Charges are a risky proposition, but if successful they are gratifying, especially when stuffed back into your opponent’s goal. In this article I go over the pros and cons of charging, when and how to charge, and discuss a short video. Let’s start with a definition:
A charge is a defensive movement away from the goal toward the centerline or rail that is used to block a shot.
The pros and cons of charging
- A successful charge likely results in a turnover or goal
- Causes doubt in the offense
- Adds a layer of aggressiveness to defense
- Makes defense less predictable
- An incorrect charge leaves your goal completely unprotected
- Even if you do charge correctly a lot can go wrong
Use sparingly, it is a dangerous weapon
The prevailing wisdom, which I think is correct, is that one charge per two games is usually appropriate. When you are learning to play, and even if you are a top-tier player, you should condition yourself to simply not charge the vast majority of the time. One charge per two games means that you are going to charge about one out of 65 shots. That is less than 2% of the time!
When is charging the right play?
A sprinkling of charges is appropriate when you: 1) wish to deter your opponent from a specific shot, 2) are able to clearly read your opponent, 3) would like to “advertise” a charge in a less-meaningful situation, such as being down 5-1 or ahead 3-0. This is intended to cause doubt in your opponent’s shot selection later on when the situation might be more important.

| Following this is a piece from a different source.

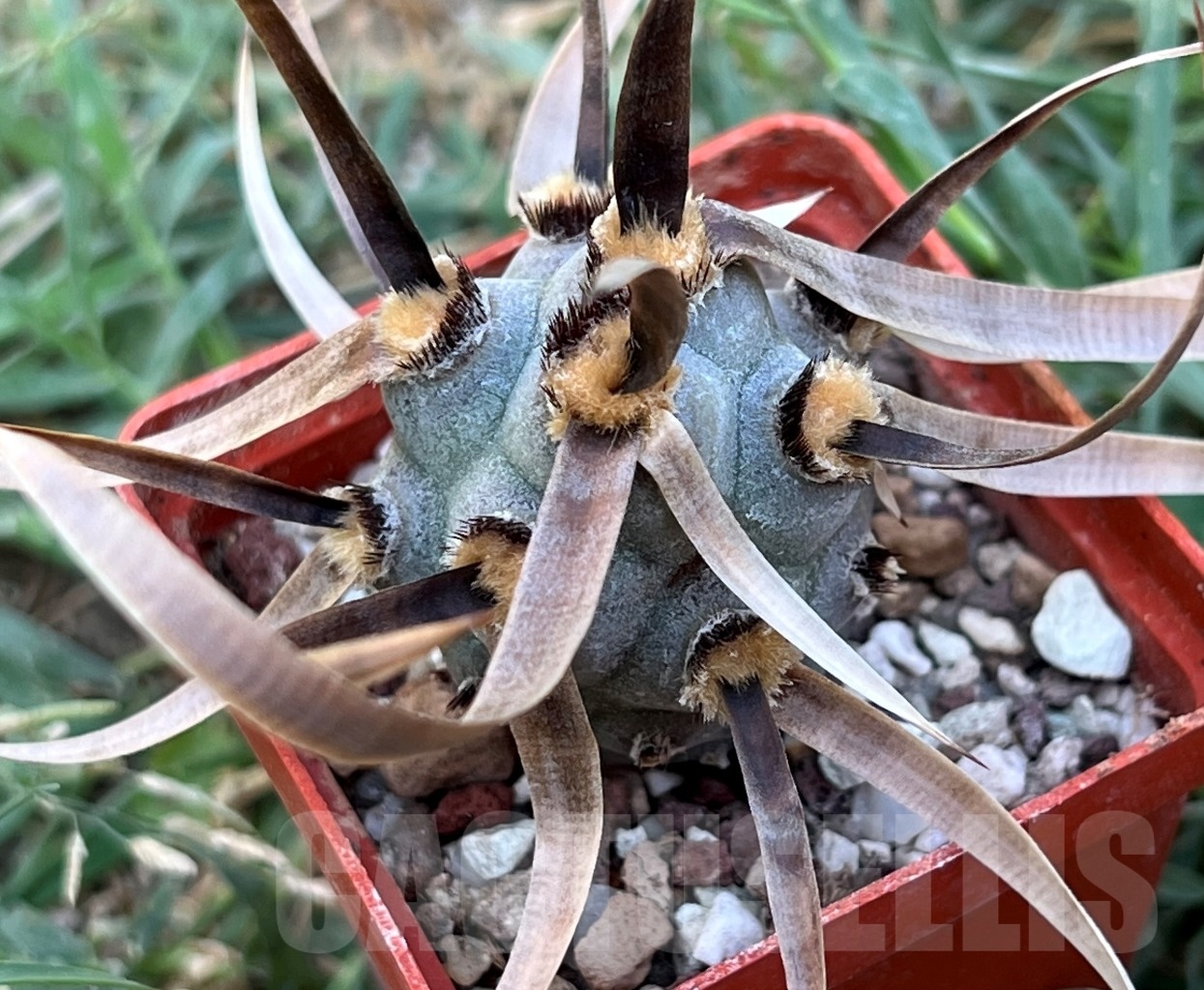 SHPR11665 Tephrocactus articulatus v. papyracanthus - Image 2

There is a time when you should charge often: when you are being absolutely destroyed on defense and your blocks do not result in turnovers. Even more so if you are being scored on with shots that follow a similar path, such as Left-wall-unders and overs – a charge can block both with equal effectiveness. When you are blocking under 25-50% of shots on goal and getting few turnovers, go ahead and charge. Charging every time in this circumstance is OK. Davis Lee, 2-time world champion, sums it up like this:
… if you are playing against a superior opponent, the correct strategy is to gamble against him. When you are playing a better player, it is correct to take more chances on defense to try to get the puck back.
I agree wholeheartedly, but remember this should not be your typical approach. I have only needed to use this charge-each-shot tactic a handful of times in 20 years. However, I think that as offenses improve, charging will and should happen more often.
How to charge
A charge is an all or nothing tactic that requires total commitment. When you charge, move your mallet in a straight line and push the mallet forward. You should not swing your mallet like on offense; instead shove the mallet from behind. As you do this, lunge toward the centerline as quickly as possible while remaining controlled. This lunge is best accomplished when your full body is used. Lean out over the table by bending at the waist, and as I have talked about before, you should be on the balls of your feet while on defense. This defensive stance is particularly important when charging because you need to rapidly transition from a defensive stance to an offensive stance. The use of your legs will help create additional speed and power. Also remain in constant motion while on the balls of your feet to make quicker movements – similar to the way tennis players bounce prior to returning serve.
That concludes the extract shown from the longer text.